Can't Get You Out Of My Head: Taxi Driver With 12-Inch Knife In Skull 'Wasn't Aware Of It' For Hours' After Bar Fight
A bar fight literally came to a head in Brazil when a drunk man was stabbed three times at a party — including his head. Juacelo Nunes de Oliveira, 39, drove for nearly three hours to a nearby hospital before being transferred to the Emergency Hospital of Teresina, after suffering knife wounds to his chest, throat, shoulder, and what he would later learn, his head. Doctors recall de Oliveira “wasn’t aware” he had a 12-inch knife protruding from his skull when he came to seek medical care.
"It took him nearly three hours to arrive here at the hospital," Dr. Gilberto Albuquerque, general surgeon and hospital director, told CNN. "He had the knife lodged in his head for this whole period, but he was not aware of it," he said. "We believe the shock and a bit of the drinking may have helped him not to understand the knife was still in his head."
De Oliveira remains in disbelief to have survived the potentially fatal stabbing after seeing the handle of the knife protruding from his head.
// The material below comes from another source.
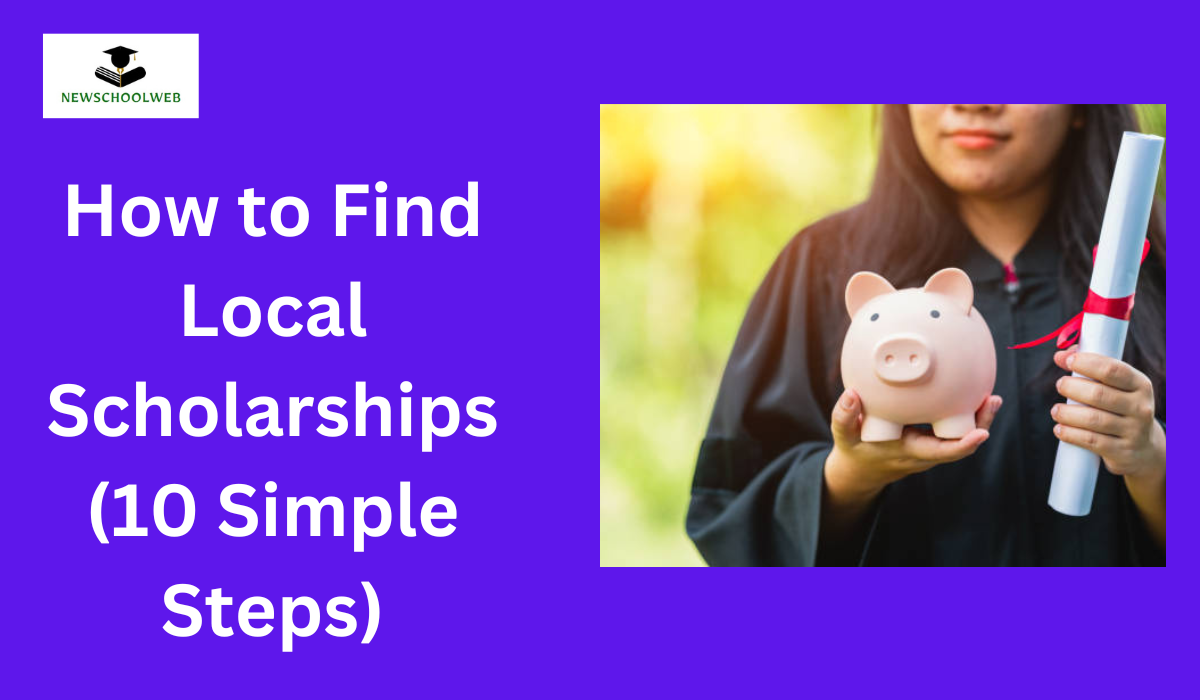 How to Find Local Scholarships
The motorcycle taxi driver claims he did not see the moment of the initial stabbing by the four men, but he did not faint or lose consciousness at any point.
"I thought I would die and only came to believe when I saw what happened to me, because if someone told me I would not have believed it," de Oliveira told G1 news, a Brazilian news organization.
Symptoms of a penetrating brain injury can range from heavy bleeding from the head to a loss of consciousness or even a coma after the injury, says the NYU Langone Medical Center. This type of brain injury is serious and life-threatening. It requires emergency medical care.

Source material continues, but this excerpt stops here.